Colleen Brown, a tireless advocate for disabled children and their families said last week at the launch of the CPAG disability report – It should not be this hardchildren poverty and disability

[A]a social movement for change must be underpinned by a clearly articulated and agreed upon analysis and strategy for change if it is to succeed. Most importantly, the analysis will give a sense of right and justice to the cause, elements so necessary in sustaining the self-belief, fearsomeness, tenacity and sheer hard work throughout the campaign.

So let’s have a go at what we might be able to agree on and therefore our vision for where we want to be in the future and then insist with one voice that policies adapt incrementally in an agreed direction.
Here is a suggested set of principles that surely are uncontroversial.

  1. Principle of equal treatment for equal child need
  2. Principle of adequacy of weekly child payments and parental welfare benefits
  3. Principle of recognition of the unpaid work of mothering especially when child is young
  4. Principle of encouraging paid work where appropriate with needs/wellbeing of the child/children prioritised.
  5. Principle of relationship neutrality.
  6. Principle of simplicity
  7. Principle of transparency and openness

Based on Principle 1 backed up by being signatories to the UNCROC we should have no difficulty in supporting the right of all children to benefit from social security, especially those tax-funded measures that reduce poverty. The first step then is to join the iniquitous In Work Tax Credit to the FTC for the first child payment. This makes the first child maximum payment $152 weekly paid for all low income first children. This avoids any judgemental discrimination about who is worthy or not based on outmoded criteria of fixed weekly hours of work or benefit status and will reduce child poverty significantly. It also greatly improves outcomes judged on principles 1,2,3,6 and 7.

If some find that it offends Principle 4, then they need to answer the question: were hours of work increased because of the In Work Tax Credit? Perhaps a look at the latest Treasury ( 2014) evaluation of Working for Families may help answer that:

This paper examines the labour supply responses to the Working for Families (WfF) package of welfare reforms, which was fully implemented in 2008. The policy changes were implemented with the aim to encourage benefit recipients to participate in the labour market and to address income adequacy issues for families with children. …It is estimated that the introduction of the new policy increases labour supply of sole parents by an average of 0.62 hours per week, but decreases labour supply of married men and women by 0.10 and 0.50 hours per week, respectively.

Treasury don’t do the obvious which is to look at the net effect on hours worked. Many married women work less because they can afford to work less. They get the IWTC on the backs of their partner’s hours of work regardless of how many hours they personally work.  Thus given the numbers of married and unmarried women, it is likely that overall work hours actually declined because of the IWTC ! So much for a work incentive or maybe ‘married’ women just aren’t expected to work ?

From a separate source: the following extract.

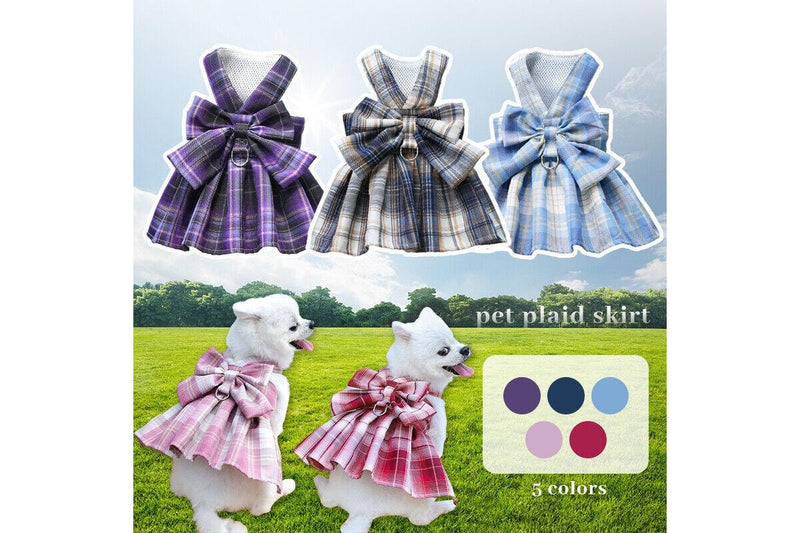 Ozstock Cute Small Dog Skirts Summer Spring Plaif Pleated Dress Bow Chihuahua Clothes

Notice that Treasury does not even begin to evaluate whether the objective of income adequacy was achieved. Perhaps that is because such an analysis would end up agreeing with the Ministry of Social Development’s damming indictment:

Working for Families had little if any impact on the poverty rates for children in workless households. (MSD 2010)

 

13 COMMENTS

  1. The government’s claims of emphasis on jobs and growth also deserve considerable scepticism. Offshoring, large scale use of third nations workers, and failure to develop local industry have contributed to a moribund economy that apart from offshore property investment and the Christchurch stimulus would be flatter than a corpse’s ECG.

    This government has no economic credibility whatsoever, and its apparent better performance during the GFC was happenstance, not management. The desire to cut welfare right left and centre is symptomatic of their failure – thriving economies readily invest in decent social programs, recognising the downstream cost of failure.

  2. Child poverty, is but one pathology of unemployment, and always a monetary phenomena and necessarily a govt. imposed crime against humanity.The currency is a simple public monopoly.The dollars to pay taxes, ultimately come from govt. spending or lending.Unemployment can only happen when a govt. fails to spend enough to cover the tax liabilities it imposes, and any desire to save financial assets that are created by the tax, and other govt. policy.Sa id another way, unemployment, is the evidence of over taxation.The govt. could provide a guaranteed job at a living wage to all those willing and able to work.For those who cannot work, for what ever reason should be given an income adequate to participate in society.This is not likely to happen,as it is politically advantageous to have a cohort of people available to blame for any govt. policy failure.The practice of austerity in N.Z. since the mid eighties as been a disaster for most, but a policy which has been championed by all economist to the delight of the 1%.Those who have or are critics of govt. policy concerning child poverty are captured by neo classical economics and therefore their analyzes from that perspective will be worthless.These failures represent the success of the 1% and their lackeys to convince us that there is no alternative.[TINA]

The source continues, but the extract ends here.